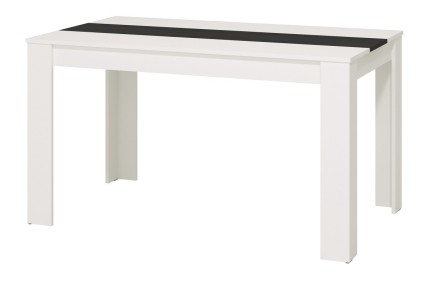 Mesa de salón - comedor 135x80 cm. en Blanco y Gris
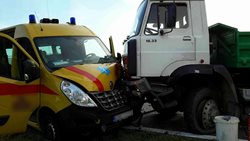 Ranní dopravní nehoda u Chomoutova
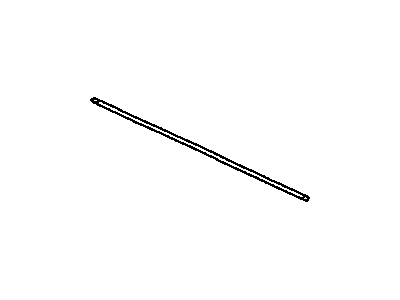 Toyota 85224-33040 Plate, WIPER Rubber Backing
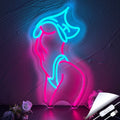 LED Neon Sexy Girl Sign By USB - Adjustable Brightness with ON/Off Switch , Wall Decor LED Sign for Bars, KTV and Other Entertainment Venues.40cm/15.75"x 22.5cm/8.86"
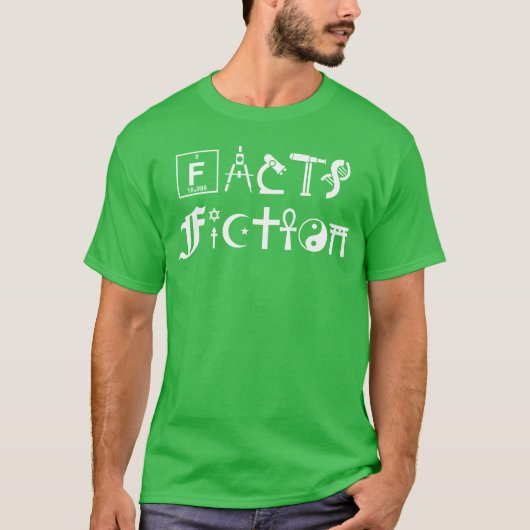 T-shirt Fait athée de fiction contre athéisme de fiction (Devant)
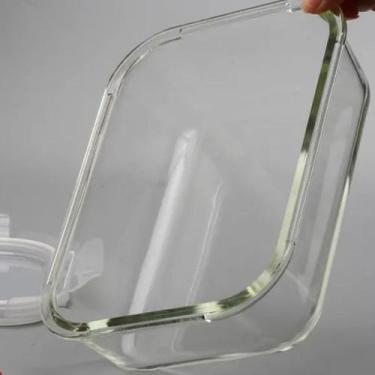 Imagem de Pote Vidro 1520ML Vai ao Forno, Microondas c/Tampa 7 Unidade - QUALITY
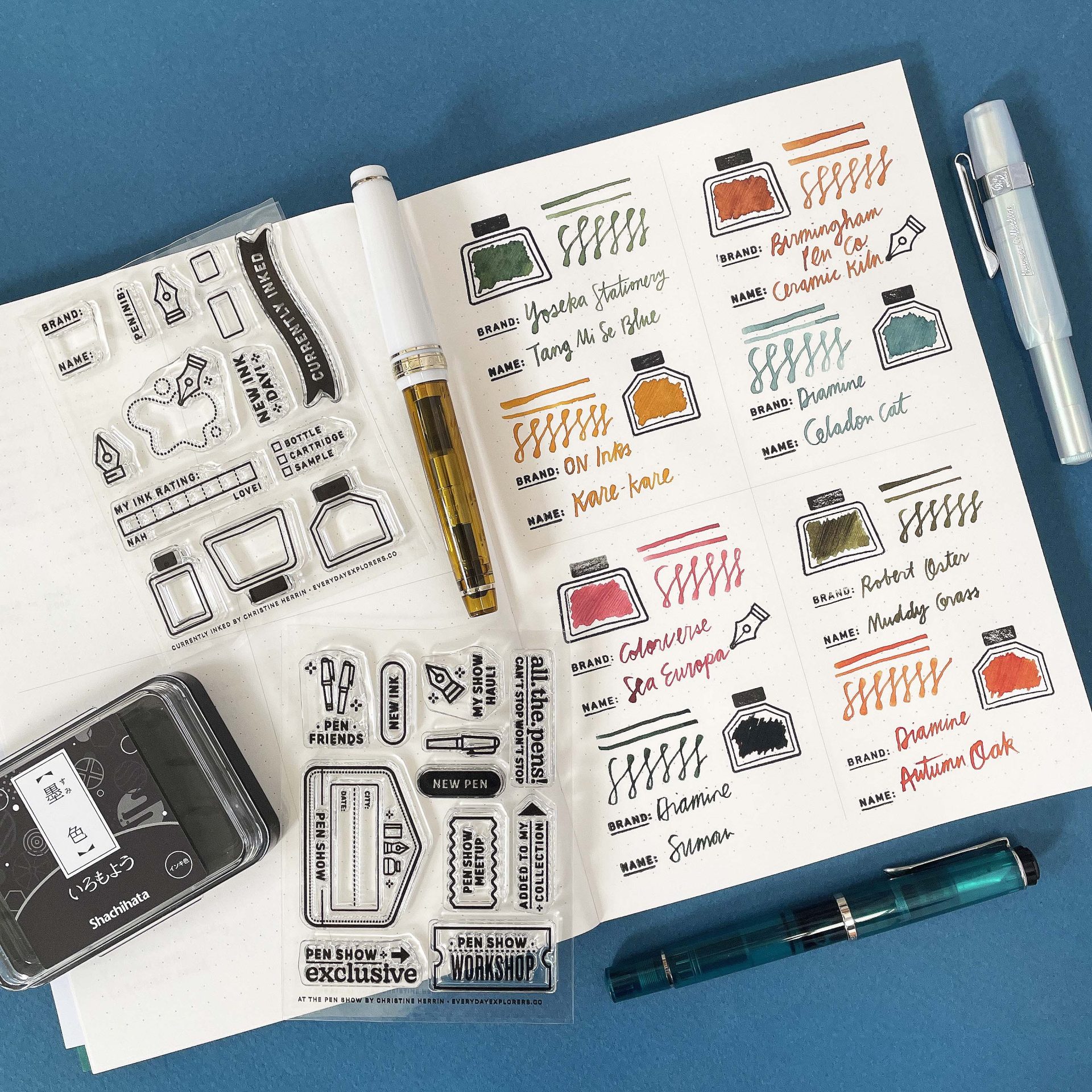 Everyday Explorers Co. Mini Stamp Set – Currently Inked — gallery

──────────

## Task item
Each line of the data must be restated exactly, and the pictures must be left out.

## Your response
 Mesa de salón - comedor 135x80 cm. en Blanco y Gris
 Ranní dopravní nehoda u Chomoutova
 Toyota 85224-33040 Plate, WIPER Rubber Backing
 LED Neon Sexy Girl Sign By USB - Adjustable Brightness with ON/Off Switch , Wall Decor LED Sign for Bars, KTV and Other Entertainment Venues.40cm/15.75"x 22.5cm/8.86"
 T-shirt Fait athée de fiction contre athéisme de fiction (Devant)
 Imagem de Pote Vidro 1520ML Vai ao Forno, Microondas c/Tampa 7 Unidade - QUALITY
 Everyday Explorers Co. Mini Stamp Set – Currently Inked — gallery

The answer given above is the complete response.